The current Hayden Tower proposal, scheduled to begin construction in February, 2012, abandons the triangular, single-story volume with roof-top parking, and substitutes the two, original warehouse structures, to be remodeled rather than demolished as in the original two schemes.
The 60 year old, steel frame structure which once enclosed the industrial press on the site is to be retained, with the metal panel enclosure removed, exposing the original frame and bracing. A translucent proscenium curtain will wrap the existing tower to a height of about thirty feet. That curtain can be mechanically closed around the tower base to segregate an open air gathering area, or be drawn so the open deck extends uninterrupted across the east front just outside the new entrance to the remodeled warehouses. The tower sits in the midst of a raised concrete deck overlooking the site on the Hayden Avenue side and employees can use the paved open space, and enclose a portion of the deck by drawing the acrylic curtain. Above the curtained off area, a new open roof system of structural steel T-sections and cables will support a grid of cylindrical steel drums to be used for planting a cactus landscape at the top of the old tower. The cylinders form the vertical, compressive members of a series of trusses that span the tower. The top chords of the trusses are the T’s, the bottom chords, the cables, and the planter drums are compressed between the two. The cactus plants will rise above the drums, but remain within the tower elevation, visible from distance, or appearing simply as a drum, cable, and steel T ceiling from below.
The two original warehouses will be spatially connected by demolishing an existing interior wall that currently separates the two contiguous structures, then sub-divided in accord with the tenant’s interior requirements for metal stud partitions to form closed office space and open work areas.

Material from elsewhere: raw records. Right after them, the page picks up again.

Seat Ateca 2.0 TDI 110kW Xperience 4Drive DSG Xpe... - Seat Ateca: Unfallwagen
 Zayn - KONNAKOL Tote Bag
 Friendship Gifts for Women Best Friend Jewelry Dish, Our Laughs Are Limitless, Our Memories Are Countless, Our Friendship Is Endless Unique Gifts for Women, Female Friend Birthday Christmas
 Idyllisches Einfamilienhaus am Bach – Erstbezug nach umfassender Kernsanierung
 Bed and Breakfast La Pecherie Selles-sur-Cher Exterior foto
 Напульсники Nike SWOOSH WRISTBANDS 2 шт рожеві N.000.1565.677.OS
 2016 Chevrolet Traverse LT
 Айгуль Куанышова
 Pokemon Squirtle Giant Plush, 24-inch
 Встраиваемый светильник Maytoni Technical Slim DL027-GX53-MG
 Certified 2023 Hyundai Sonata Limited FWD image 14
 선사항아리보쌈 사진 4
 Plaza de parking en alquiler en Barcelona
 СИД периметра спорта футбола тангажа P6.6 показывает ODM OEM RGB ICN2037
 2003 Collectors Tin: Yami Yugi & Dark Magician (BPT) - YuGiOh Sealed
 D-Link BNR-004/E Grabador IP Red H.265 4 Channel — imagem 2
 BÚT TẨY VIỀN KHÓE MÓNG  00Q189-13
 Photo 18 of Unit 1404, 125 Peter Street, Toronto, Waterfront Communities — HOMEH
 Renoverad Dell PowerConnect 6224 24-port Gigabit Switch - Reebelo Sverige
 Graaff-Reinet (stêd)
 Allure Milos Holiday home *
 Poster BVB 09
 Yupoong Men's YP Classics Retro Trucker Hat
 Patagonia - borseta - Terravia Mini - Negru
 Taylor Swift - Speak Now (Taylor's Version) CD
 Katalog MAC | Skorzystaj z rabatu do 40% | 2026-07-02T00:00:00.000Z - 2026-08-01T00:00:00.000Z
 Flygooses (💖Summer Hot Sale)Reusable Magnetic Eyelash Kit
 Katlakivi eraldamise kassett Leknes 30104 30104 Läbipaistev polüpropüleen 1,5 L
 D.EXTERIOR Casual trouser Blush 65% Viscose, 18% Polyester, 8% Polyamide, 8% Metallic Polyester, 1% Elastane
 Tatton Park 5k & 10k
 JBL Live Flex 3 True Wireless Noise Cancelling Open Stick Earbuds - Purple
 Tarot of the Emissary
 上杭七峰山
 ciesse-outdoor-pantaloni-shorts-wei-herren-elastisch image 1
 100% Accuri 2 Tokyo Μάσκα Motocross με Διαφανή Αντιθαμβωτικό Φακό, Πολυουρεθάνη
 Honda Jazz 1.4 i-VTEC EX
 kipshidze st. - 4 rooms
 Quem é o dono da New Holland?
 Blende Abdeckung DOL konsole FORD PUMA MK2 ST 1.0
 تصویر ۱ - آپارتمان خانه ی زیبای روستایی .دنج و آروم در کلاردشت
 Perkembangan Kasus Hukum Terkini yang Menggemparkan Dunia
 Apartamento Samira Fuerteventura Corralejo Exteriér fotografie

The conceptual focus of the project will be the new tower located at the eastern edge of the site, adjacent to Hayden Avenue. The original conception for this tower belongs to the 10 Towers phase of the project. A preliminary study model made from a square pile of note paper, describes a concept for a tower which is not quite a regular box, nor a clear, spatial departure from the regular box. Rather the model suggests a conceptually soft geometry, or better, a slumped tower. That proposal was originally studied as glass in the 10 Towers proposal. The proposed horizontal and vertical ‘mullions’ and the glazing enclosure system – all straight lines – was thoroughly evaluated. Glazing components were never curved, so the curving surfaces were always conveyed as the aggregate of a sequence of straight lines that continually shifted position across the four tower elevations.
The current proposal sustains the soft geometry analogue, but replaces the horizontal and vertical glass supports with half-inch steel plate, plasma cut, brise soleil frames, with orthogonal, clear, double-glazed panels that close and waterproof the building.
The surface curvature of the tower, from opposite side to opposite side, represent a reciprocal push and pull on opposing surfaces, meaning an indentation on the north elevation, is reciprocated with an approximately equivalent pull on the south elevation. In addition to the pushing/pulling, opposite elevation concept, the original tower block twists – rotates slightly, both clockwise at the top and counterclockwise toward the bottom. The essential curvature is conveyed by the horizontal and vertical steel plate grid, an analogue to the steel forms used to shape the slumped glass in the umbrella project. The straight line glass tower conception has been replaced by a sequence of steel brise soleil plates, the horizontals curving in plan, the verticals in section. The curving steel renders the slumped tower more literally than did the glass version.